Like a lot of the participants in Mr. Penn, Newcomb isn't a bodybuilder. He's an athlete - that's him readying for the shotput in the picture. He was working out because the decathlon requires strength for the weight events, speed for the running. "You have to be strong and skinny. It's like a race car engine in a Volkswagen body," he said, quoting a coach. "Strong muscles, light frame."
Photo by Candace diCarlo
Newcomb had seen the Mr. Penn Body-Building Contest his freshman year, and knew the emphasis here was less on technical body building, more on "showing what you have to the crowd." Having done his share of performing in high school, he decided it was time to start performing at Penn.
So with his Speedo he donned a necktie, only to remove it in a mock striptease, backed by appropriate music. The crowd went wild, he said, and Matt Newcomb, an all-around kind of guy who came by his muscles as an afterthought, came in second in the heavyweight division.

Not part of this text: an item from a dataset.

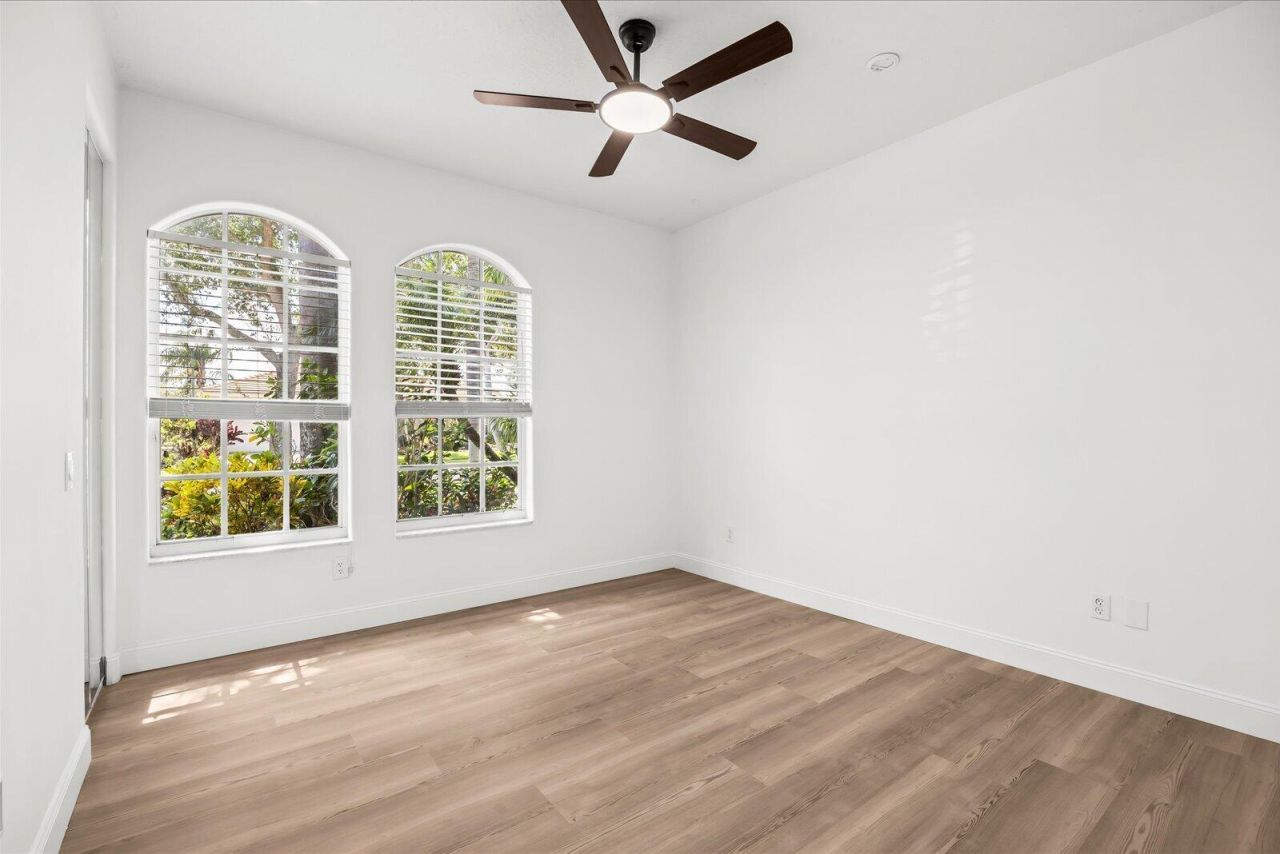7558 Tarpon Cove Circle, Greenacres, FL 33467 Photo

For Newcomb, performing is an end in itself. He sang with the Penn Choral Society in their December show. "It fulfills the singing need I have in my life," said the bass-baritone.
He also said he had a dancing need - which also ended up fulfilling his performing need in a random sort of way. He took swing dancing classes from the Ballroom Dancing Society. And he learned the salsa and merengue from some Latino friends an hour before an evening at a nightclub, and discovered he was a natural.
So three days before his parents drove seven hours from Windham, N.H., to videotape Newcomb in the Mr. Penn contest, they flew down to watch him perform a lambada and a merengue with Onda Latina, the Latin-dance club. His friends from the pre-nightclub lesson talked him into it. "It was two Caucasian males in a merengue, which is very Latin," he said. The club called it the Gringo Merengue - backstage only. "I can go on a dance floor anywhere and not look like a fool," said Newcomb, who added that his mother was "really excited" about dancing with him at his wedding, someday.
After lying low freshman year, focusing on studies and track, the small-town boy has found his way around the big school in the big city.
He's mad for public transportation and the ability to go to the theater or a sports event at the drop of a hat, without hours of travel.
He also found himself a job close to his intended field of study - communications - and close to his athletic pursuits in track. His work for Penn Relays involves Athletic Communications. "Someone mentioned the job to me. It was a total coincidence."
What drew him to Penn? "I was committed to education and it was a top-ranked school. A potpourri of activities are available at Penn, and I wanted to get involved in them, because I think that's what college is all about - finding what you want to do for the rest of your life."